In the US alone, more than 600,000 people are reported missing every year. 85% of lost people are found within the first 12 hours, and 97% within the first 24. After that, the survival rate drops from 90% to about 50% by hour 48, and falls below 10% past 72 hours.

Despite this, SAR operations are miraculously archaic. A human Incident Commander uses a paper map, a radio, and pencils. They have to mentally hold the positions of 20+ volunteers, the terrain, the wind, the subject's last known point, and pings. Then they dispatch by voice. This is a 1980s workflow.

This causes huge cognitive load on the commander, who is doing bookkeeping and geometry when they should be focusing on strategy. Dispatching is exactly the kind of task an AI agent is finally ready to do well. It is spatial, low stakes per decision (you can always re-dispatch), and easy enough to verify.

What it does

OpenSAR is an autonomous AI incident commander for ground search and rescue.

A commander seeds a mission by setting a search area over the subject's last known point. The server pulls in terrain, trails, water, and buildings, slices the area into a hex grid, computes initial probability of area, and goes live. Volunteers join from an iOS app with a 6-character code and start searching. From that moment:

  • Their phones stream GPS to the cloud every 3 seconds.
  • The hex cell underneath them flips to "searched" and shows up on every other volunteer's map within one poll cycle.
  • An OpenClaw agent running NVIDIA Nemotron watches the live grid and issues dispatches. Each dispatch has a specific segment, a sweep type, an instruction, and written reasoning.
  • The volunteer sees the segment on their map with a snap-to-trail route, taps Acknowledge, Start sweep, Mark complete, and the agent re-plans on findings.

How we built it

We split the build into three layers and worked them in parallel.
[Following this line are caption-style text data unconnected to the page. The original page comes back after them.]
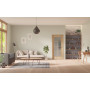 Front-Milieuansicht der in der Wand laufenden GARANT Schiebetür Authentic Risseiche GCK08 mit Lichtausschnitt LA-2 Sprosse SP1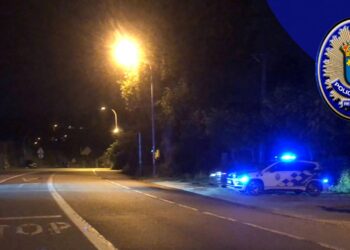 Desmontan una “quedada ilegal” de vehículos en Chapela y denuncian a un conductor por hacer ‘trompos’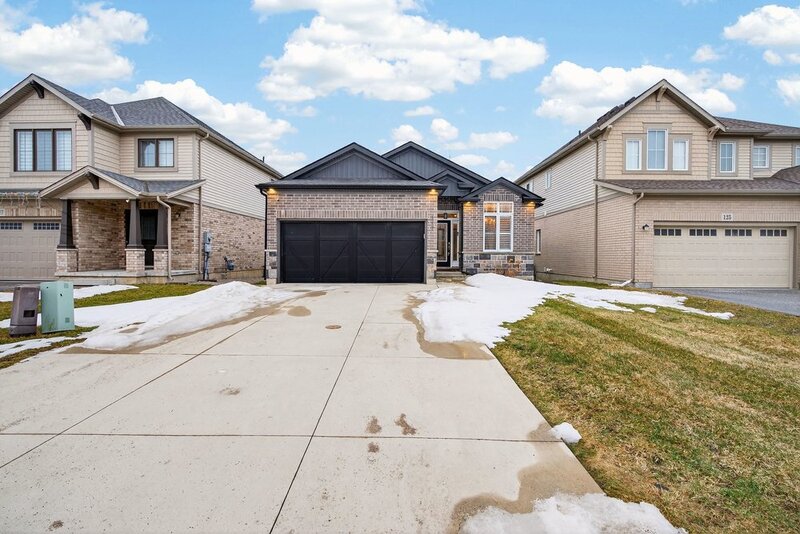 AMAZING FINISHES IN THIS WELLAND BUNGALOW!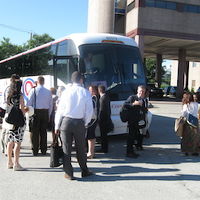 ホテル前から観光バスに乗ってツアーに出発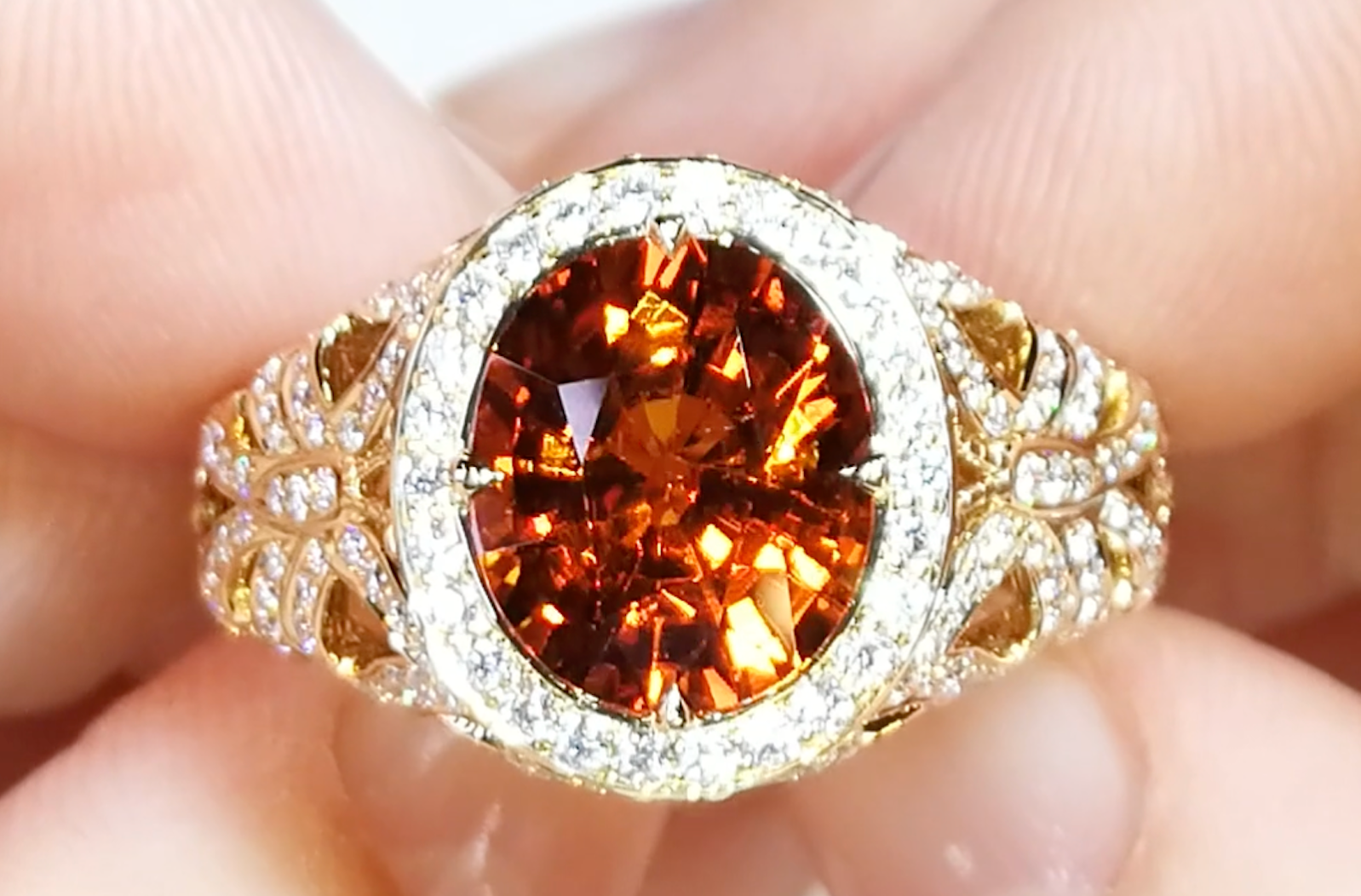 5.00ct Mandarin Garnet Ring with D Flawless Diamonds set in 18K Yellow Gold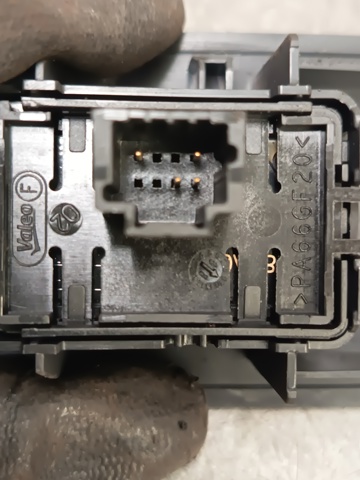 809600004R RENAULT Interruptor de elevalunas trasero izquierdo  disponible Vigo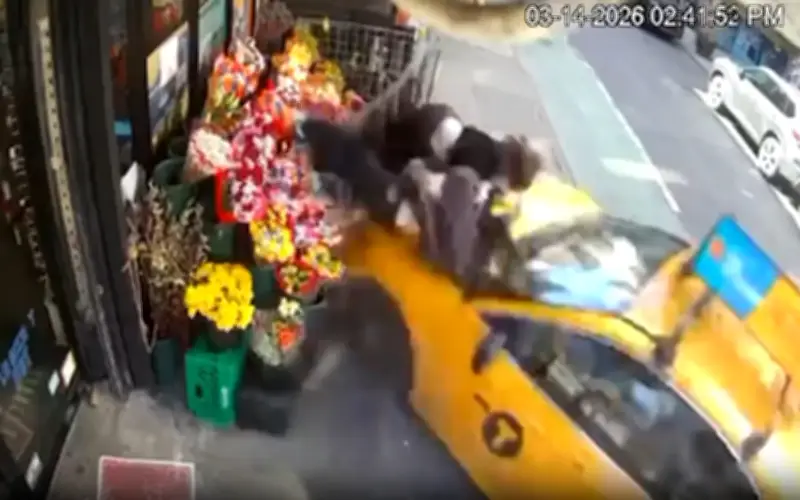 Taxi Mỹ Mất Kiểm Soát Đâm Vào Hai Phụ Nữ Tại Manhattan, New York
The database is the source of truth. Everything (coverage state, positions, dispatches, findings, hazards, terrain) lives in SQLite with SpatiaLite loaded as an extension. WAL mode, foreign keys on. The schema is small but does real geospatial work. A hex_cells table slices the mission area into roughly 30 meter hexagons with terrain stats and runtime flags. A segments table groups hexes into dispatch units with precomputed probability of area. Then we have pings, dispatches, findings, and hazards, all carrying real point or polygon geometry with spatial indexes. Migrations are idempotent and run on every FastAPI startup, so deployment is git pull and restart.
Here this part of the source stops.